= Federal Networking Council =

Informally established in the early 1990s, the Federal Networking Council (FNC) was later chartered by the US National Science and Technology Council's Committee on Computing, Information and Communications (CCIC) to continue to act as a forum for networking collaborations among US federal agencies to meet their research, education, and operational mission goals and to bridge the gap between the advanced networking technologies being developed by research FNC agencies and the ultimate acquisition of mature version of these technologies from the commercial sector. The FNC consisted of a group made up of representatives from the United States Department of Defense (DoD), the National Science Foundation, the Department of Energy, and the National Aeronautics and Space Administration (NASA), among others.

By October 1997, the FNC advisory committee was de-chartered and many of the FNC activities were transferred to the Large Scale Networking group of the Computing, Information, and Communications (CIC) R&D subcommittee of the Networking and Information Technology Research and Development program, or the Applications Council.

On October 24, 1995, the Federal Networking Council passed a resolution defining the term Internet:

Resolution: The Federal Networking Council (FNC) agrees that the following language reflects our definition of the term Internet.

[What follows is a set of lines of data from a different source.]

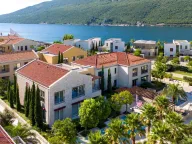 Prodaja, trosoban stan, 188m², Portonovi, Herceg Novi - image 1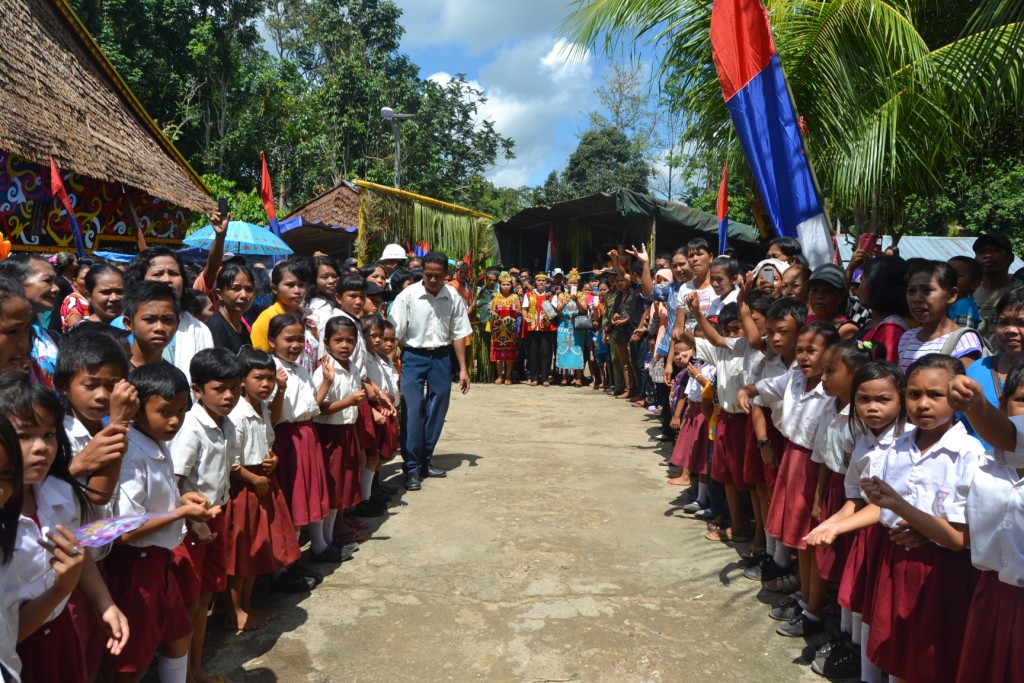 Rumah Betang Merupakan Tempat Suku Dayak Memelihara Mohon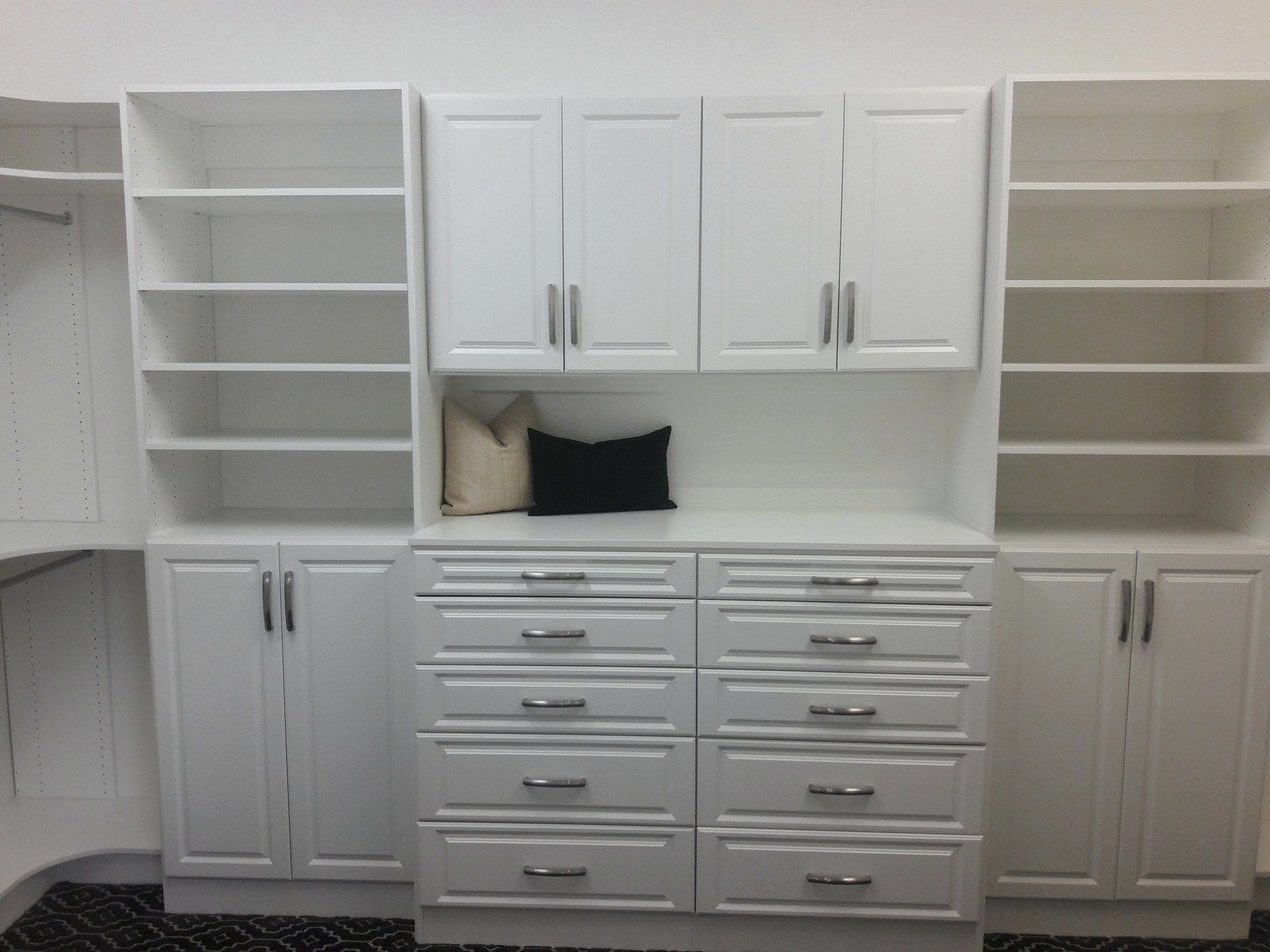 Summerlin: custom cabinetry by LV Cabinets World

Internet refers to the global information system that – (i) is logically linked together by a globally unique address space based on the Internet Protocol (IP) or its subsequent extensions/follow-ons; (ii) is able to support communications using the Transmission Control Protocol/Internet Protocol (TCP/IP) suite or its subsequent extensions/follow-ons, and/or other IP-compatible protocols; and (iii) provides, uses or makes accessible, either publicly or privately, high level services layered on the communications and related infrastructure described herein.'

Some notable members of the council advisory committee included: Henriette Avram, Matt Blaze, Vint Cerf, John Gage, Robert Kahn, Paul Mockapetris, Ike Nassi, Stewart Personick and Stephen Wolff.